Provided data below:

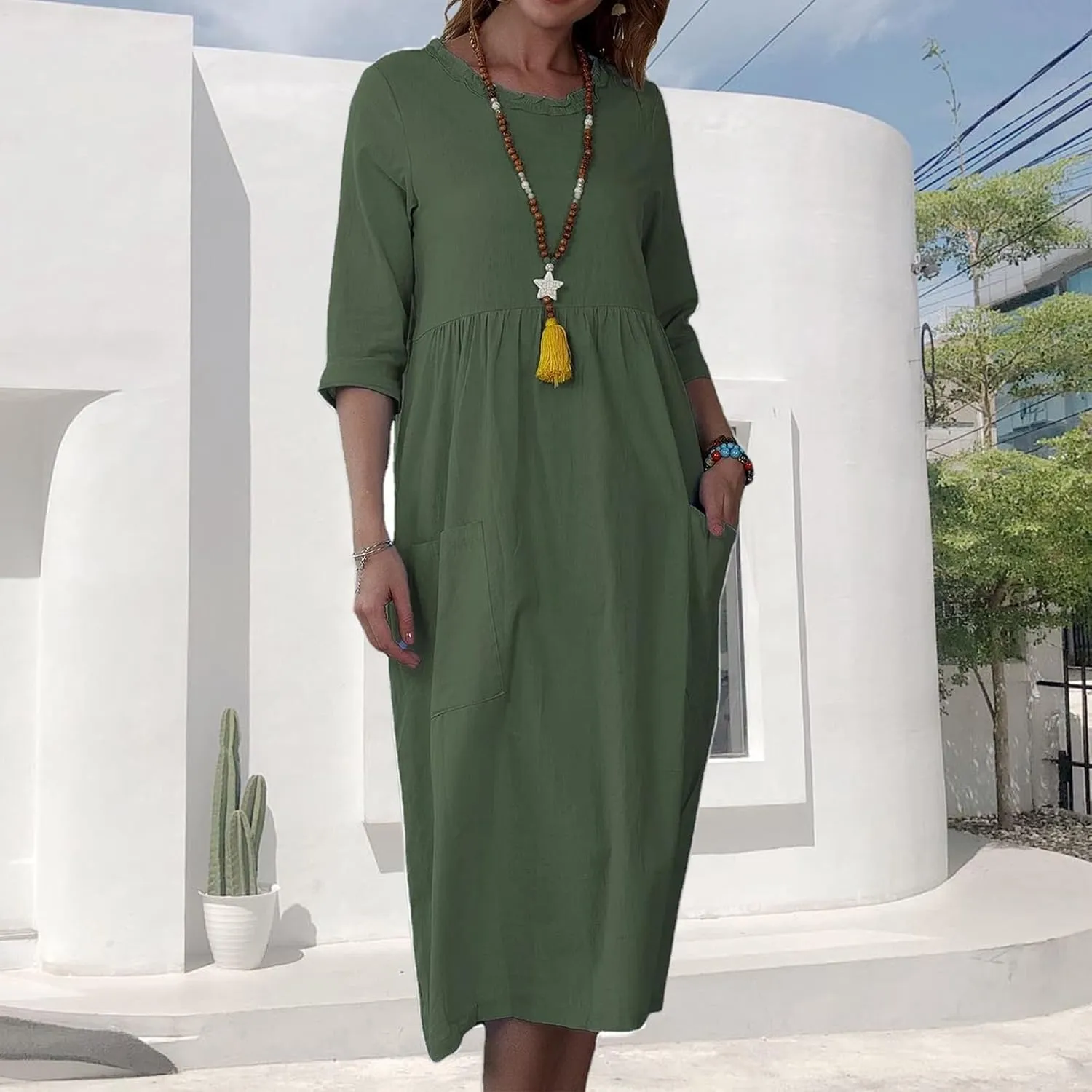 Linen Dresses for Women 2025 Crewneck 3/4 Sleeve Midi Dress Loose Shift Dress Casual Summer Dresses with Pockets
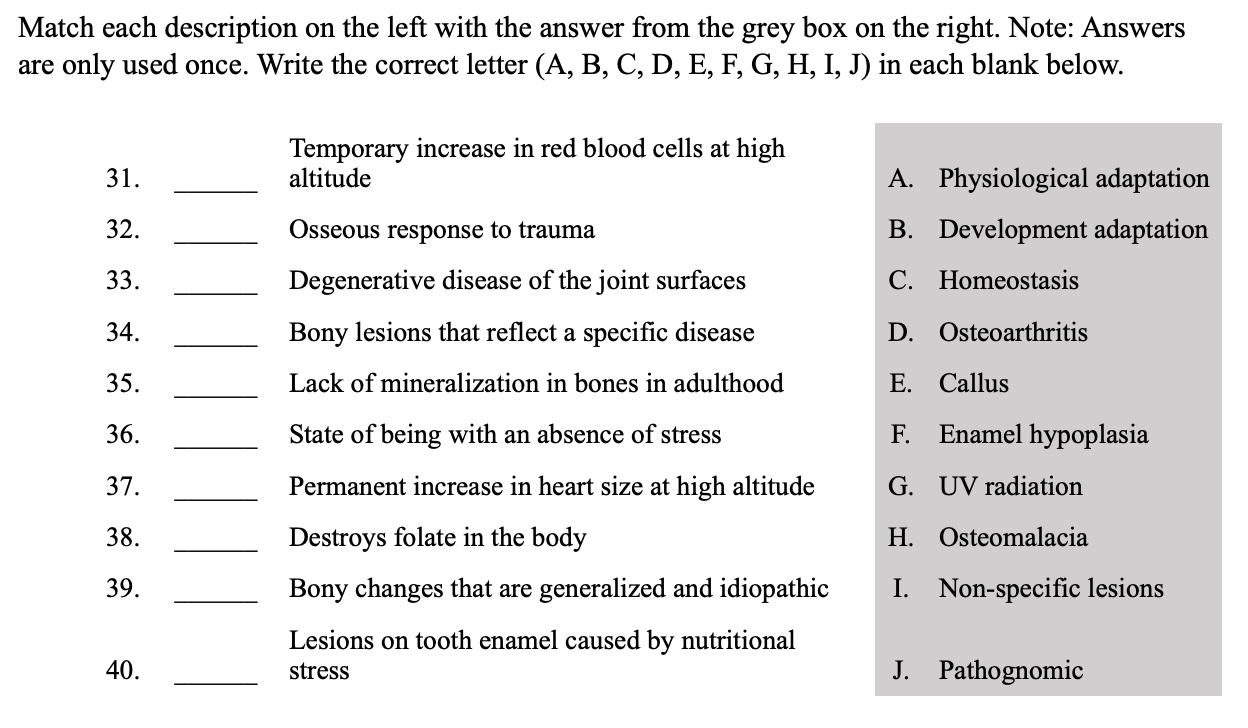 Solved Match each description on the left with the answer | Chegg.com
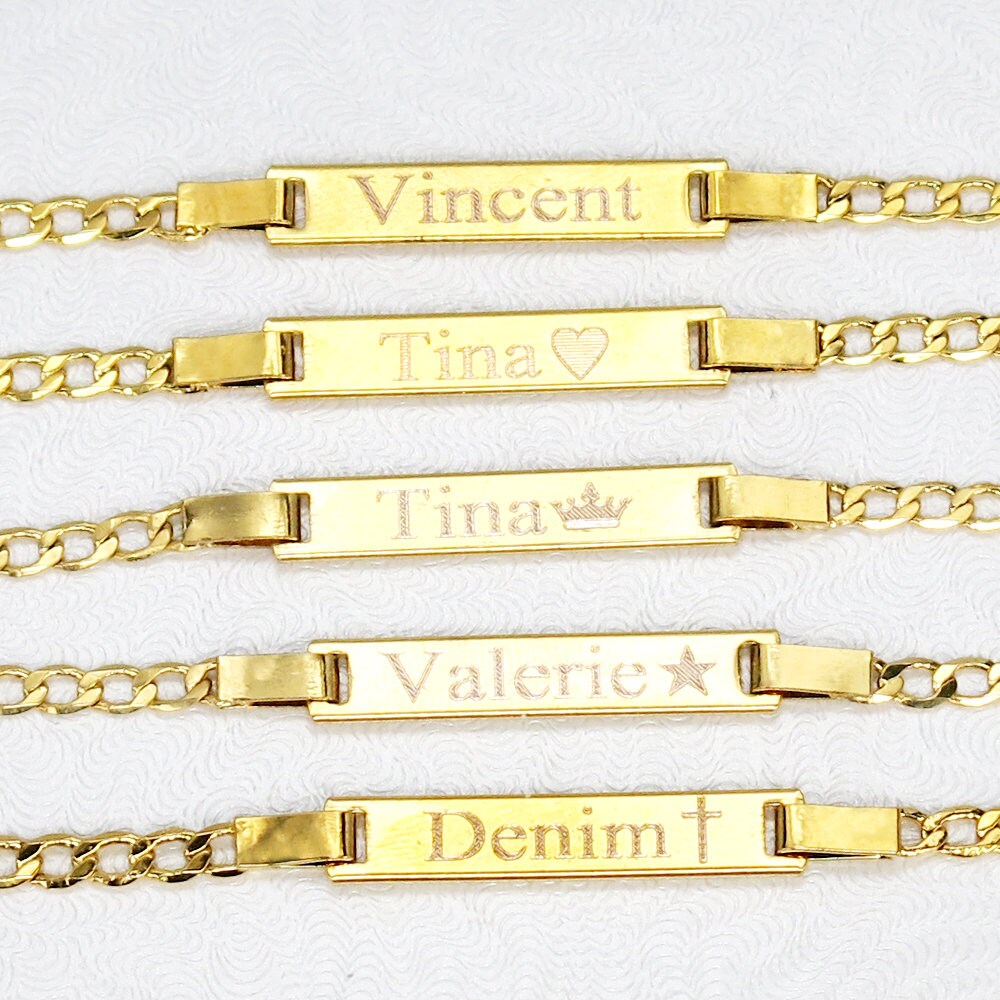 Baby naam armband met Baby Id armband gouden Baby ID Armband Etsy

End of Provided data.

→ **What to do**: Copy every line above exactly, leaving no picture in the copy.

→ **Output of the task**:
 Linen Dresses for Women 2025 Crewneck 3/4 Sleeve Midi Dress Loose Shift Dress Casual Summer Dresses with Pockets
 Solved Match each description on the left with the answer | Chegg.com
 Baby naam armband met Baby Id armband gouden Baby ID Armband Etsy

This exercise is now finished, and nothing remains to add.